Planners under pressure to explain Shropshire draft local plan policies
Planners were called on to defend their policies on the afternoon of the first day of a line-by-line examination of the Shropshire Local Plan.
The plan, which includes setting the sites for 30,000 new homes to be built around the county, is being examined by three planning inspectors in two weeks of public hearings.
Members of the public and speakers heard that the event is to allow people to criticise Shropshire Council and to allow its proposed policies to be fully tested in an open forum. Developers, residents and campaigning organisations get the chance to put council planners on the spot and independent inspectors decide if the vital local plan can be adopted.
Resident James Healey called on the council to reduce the number of houses being built in rural areas to have more of an impact on climate change. The council admits that building 8,000 homes in rural areas creates more climate change-causing carbon dioxide than if they were built in urban areas.
Mr Healey questioned the validity of the council going for 31,000 new homes in the period to 2038 and said they could have set it at 26,000.
"I can't see how the council would hit its carbon reduction targets to net zero by 2050," said Mr Healey.
Top council planner Eddie West said climate change is assessed within the plan making process.
"It is taken into account in plan policies. Inevitably we are rightly concerned about the climate emergency but this session is to discuss sustainability appraisal," he said.
The council also pointed out that housing helps rural areas which also have "needs that have to be met".
Mr Healey said: "Shropshire Council has committed to net zero.

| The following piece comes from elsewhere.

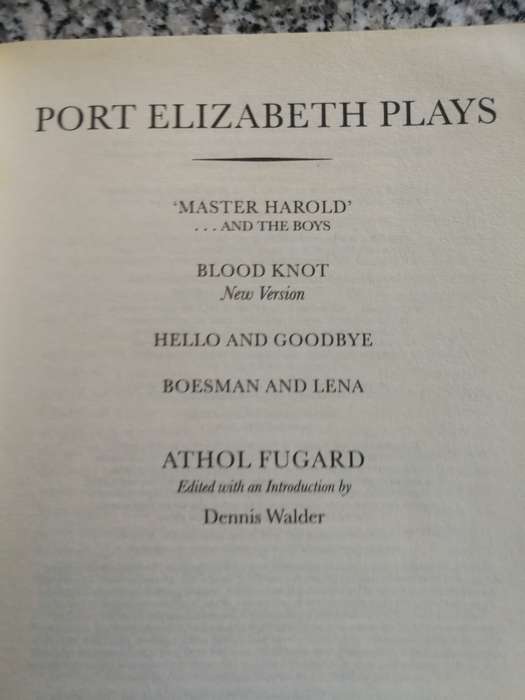 ATHOL FUGARD PORT ELIZABETH PLAYS  including Master Harold and the Boys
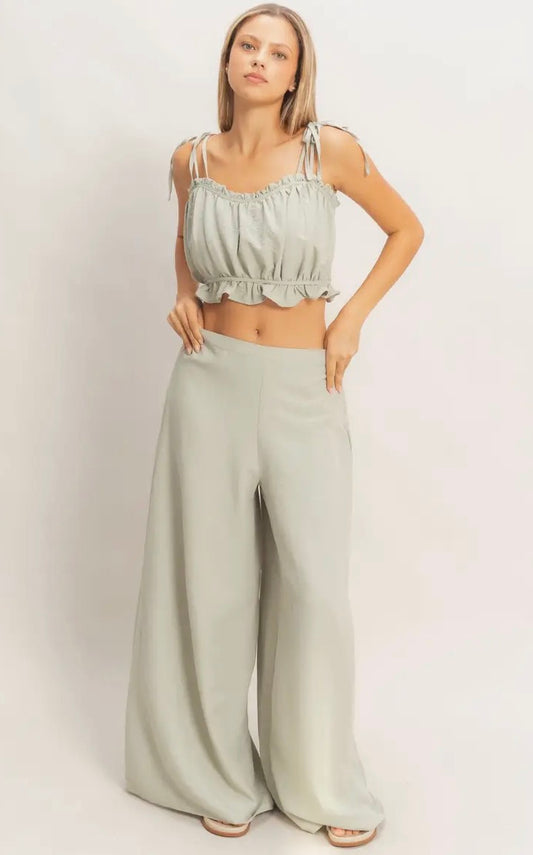 Ruffle bust top and pant set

We need to have evidence of how, if they build homes, how are they going to meet targets. I don't see how they are going to do this."
A debate about Shropshire Council's need to contribute housing to meet needs from the Black Country also continued, with barristers locking horns again.
Matthew Reed QC, representing developer Bradford Rural Estates, said Shropshire Council had failed to consider all the alternatives to the plan to include 1,500 homes for Black Country overspill.
"It is irrational for the authority not to test higher levels of need. It is a strategic matter that needs to be taken into account," he said.
Mr Reed said the council did not consider up to 11,000 new homes to help meet the Black Country's needs, despite coming to an agreement with four councils in the Black Country in 2021.
"The council accepted a need to consider other options in April last year," he said.
Councils in the Black Country have already made two calls for sites but there was no evidence of new sites coming forward.
Hugh Richards, QC for the council said Shropshire Council agrees that there is a need for "increased cross-boundary support".
"The process of cooperation is active and ongoing and it is not at an end. We believe that we have got our figure rationally, not irrationally, right," he said.
Other speakers also claimed that the council's plan uses a "flawed evidence for transport and flooding" and it doesn't take account of new ways of modelling for out of date climate change figures.
But the meeting heard the council defend itself against attacks on those policies.
The council has also found itself being criticised by Historic England over the assessment of which sites to develop.
Council officers said they didn't consider 2,000 development sites against each other but in their own local context.
The meeting was told that Wem, "a lovely town", was not near an area of outstanding natural beauty, nor had a recognised wildlife site but somewhere like Church Stretton, is "very constrained" with heritage assets.
If sites in the south of the county competed against sites in the north, and not in their own context, it might mean more development in the north of the county.
"We didn't want 10,000 houses in Wem," one council official told the hearing.